On Saturday, January 12, I attended the “Best Practices in Cooperative Reference: Reference and Social Networking” session presented by QuestionPoint, with panel speakers Stephen Francoeur (Baruch College), Beth Evans (Brooklyn College) and David Lankes (Syracuse University). While the panel seemed targeted at academic librarians, I actually found a great deal that would be of interest to public librarians.
Stephen presented first, and gave a really nice comprehensive overview defining social networking, the difference between social networking (connecting and building relationships with other people) and social media (the sharing of objects with other people in a social way). Some of the social networking use examples he presented were very practical and successfully functional, such as using a meebo me chat box on the “Ask a question” page of the library site, or creating a Facebook Page for a library. Also of note is that librarians are starting to post home-grown profile pages on their library web sites, giving students a better sense of who the librarian is and what kinds of specializations they cover, as well as profiles that advertise a librarian’s availability on Facebook.
However, there was also something oddly disturbing that Stephen pointed out. He cited two librarians who have tried to perform “outreach” on Facebook by searching for students with their school affiliations and sending out mass messages to these people using Facebook’s built in messaging system. Their messages were perceived as spam (which is, essentially, true), and their accounts were shut down. However, instead of finding different ways to outreach do outreach on Facebook, they continued to work to beat the system. Not only is this behavior deplorable — purposely trying to get around Facebook’s rules for sending messages (the Inbox, Messages and Pokes help section states that if someone is not your friend, you can only message them individually, after negative experiences with past open messaging policies) to spam users, even if it’s for a benevolent cause — it’s very anti-culture for Facebook, and really kinda makes librarians look bad. One of many interesting reports on how Facebook users interact with messages is available through the HP site.

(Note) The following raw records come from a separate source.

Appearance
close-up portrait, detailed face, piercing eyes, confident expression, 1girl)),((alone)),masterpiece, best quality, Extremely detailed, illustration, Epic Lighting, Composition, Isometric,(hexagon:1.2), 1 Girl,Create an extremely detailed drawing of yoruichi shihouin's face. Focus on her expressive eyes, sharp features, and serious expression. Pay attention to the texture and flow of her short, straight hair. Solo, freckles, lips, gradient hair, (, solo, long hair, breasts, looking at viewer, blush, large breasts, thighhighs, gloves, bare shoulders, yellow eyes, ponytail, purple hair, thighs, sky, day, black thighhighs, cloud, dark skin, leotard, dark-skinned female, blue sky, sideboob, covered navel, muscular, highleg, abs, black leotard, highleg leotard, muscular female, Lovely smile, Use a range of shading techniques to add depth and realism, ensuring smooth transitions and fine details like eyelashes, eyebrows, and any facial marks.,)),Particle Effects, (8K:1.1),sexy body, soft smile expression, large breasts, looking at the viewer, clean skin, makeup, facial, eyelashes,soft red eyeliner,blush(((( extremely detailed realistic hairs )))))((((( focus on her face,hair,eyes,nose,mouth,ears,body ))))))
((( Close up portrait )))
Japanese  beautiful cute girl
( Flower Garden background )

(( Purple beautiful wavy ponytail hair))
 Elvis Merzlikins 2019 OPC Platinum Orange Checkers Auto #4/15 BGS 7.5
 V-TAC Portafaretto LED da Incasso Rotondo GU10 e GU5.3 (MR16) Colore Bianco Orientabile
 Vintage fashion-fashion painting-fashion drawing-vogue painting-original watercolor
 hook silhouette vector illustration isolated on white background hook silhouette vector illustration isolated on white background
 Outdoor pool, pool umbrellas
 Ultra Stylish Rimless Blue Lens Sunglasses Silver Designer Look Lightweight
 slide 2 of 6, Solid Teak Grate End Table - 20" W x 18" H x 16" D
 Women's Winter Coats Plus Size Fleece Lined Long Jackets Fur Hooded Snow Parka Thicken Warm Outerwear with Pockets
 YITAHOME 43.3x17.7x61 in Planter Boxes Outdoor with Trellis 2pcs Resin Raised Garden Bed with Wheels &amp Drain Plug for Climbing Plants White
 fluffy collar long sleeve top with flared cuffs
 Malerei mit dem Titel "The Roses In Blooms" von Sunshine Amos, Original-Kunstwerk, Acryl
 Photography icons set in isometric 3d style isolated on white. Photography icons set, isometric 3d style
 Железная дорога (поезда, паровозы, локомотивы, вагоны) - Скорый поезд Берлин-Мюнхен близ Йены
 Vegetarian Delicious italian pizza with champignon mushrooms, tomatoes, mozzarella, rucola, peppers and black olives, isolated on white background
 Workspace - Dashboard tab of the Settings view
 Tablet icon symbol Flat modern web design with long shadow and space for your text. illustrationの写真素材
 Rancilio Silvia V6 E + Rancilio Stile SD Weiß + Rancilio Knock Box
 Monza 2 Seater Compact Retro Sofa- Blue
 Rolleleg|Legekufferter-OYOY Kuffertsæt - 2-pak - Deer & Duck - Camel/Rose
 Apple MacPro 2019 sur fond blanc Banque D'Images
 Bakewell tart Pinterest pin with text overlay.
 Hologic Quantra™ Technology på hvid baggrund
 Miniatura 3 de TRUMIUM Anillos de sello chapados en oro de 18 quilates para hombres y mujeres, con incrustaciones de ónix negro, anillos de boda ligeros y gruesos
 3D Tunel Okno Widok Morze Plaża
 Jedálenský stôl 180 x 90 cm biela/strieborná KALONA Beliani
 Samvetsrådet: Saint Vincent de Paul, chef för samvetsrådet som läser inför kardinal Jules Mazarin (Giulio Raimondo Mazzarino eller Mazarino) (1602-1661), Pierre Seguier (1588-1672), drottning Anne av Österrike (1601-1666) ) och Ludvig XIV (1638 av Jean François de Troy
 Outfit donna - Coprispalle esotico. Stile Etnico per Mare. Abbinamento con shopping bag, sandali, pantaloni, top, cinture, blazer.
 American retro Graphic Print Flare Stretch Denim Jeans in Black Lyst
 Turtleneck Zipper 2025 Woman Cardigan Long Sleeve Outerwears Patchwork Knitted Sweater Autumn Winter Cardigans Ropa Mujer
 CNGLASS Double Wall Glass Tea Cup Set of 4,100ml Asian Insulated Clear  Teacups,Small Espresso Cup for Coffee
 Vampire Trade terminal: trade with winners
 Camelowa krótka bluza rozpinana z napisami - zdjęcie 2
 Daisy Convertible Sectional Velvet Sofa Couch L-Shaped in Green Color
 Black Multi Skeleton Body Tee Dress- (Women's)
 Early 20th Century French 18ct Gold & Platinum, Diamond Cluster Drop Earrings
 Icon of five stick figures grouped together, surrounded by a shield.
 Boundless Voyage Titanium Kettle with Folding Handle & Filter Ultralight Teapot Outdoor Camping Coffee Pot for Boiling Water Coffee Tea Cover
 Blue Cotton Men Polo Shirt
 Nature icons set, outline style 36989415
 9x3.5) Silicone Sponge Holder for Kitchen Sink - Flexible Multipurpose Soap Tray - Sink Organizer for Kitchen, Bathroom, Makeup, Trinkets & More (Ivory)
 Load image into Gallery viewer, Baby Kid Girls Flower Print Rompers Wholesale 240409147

Beth Evans reported that she had great success using MySpace with students at Brooklyn College. The library has 4,000 friends on my MySpace, and they’ve been able to successfully market services and events through the online service. The library encourages everyone to “friend” them on Facebook, which I believe to be a double-edged sword. Beth noted that the reason that students say they don’t expect to see libraries in social networking spaces in OCLC report Sharing, Privacy and Trust in Our Networked World, she believes that it might be because “it may not occur to them that we have something to offer,” which I think might be an interesting discussion to have, especially with public librarians.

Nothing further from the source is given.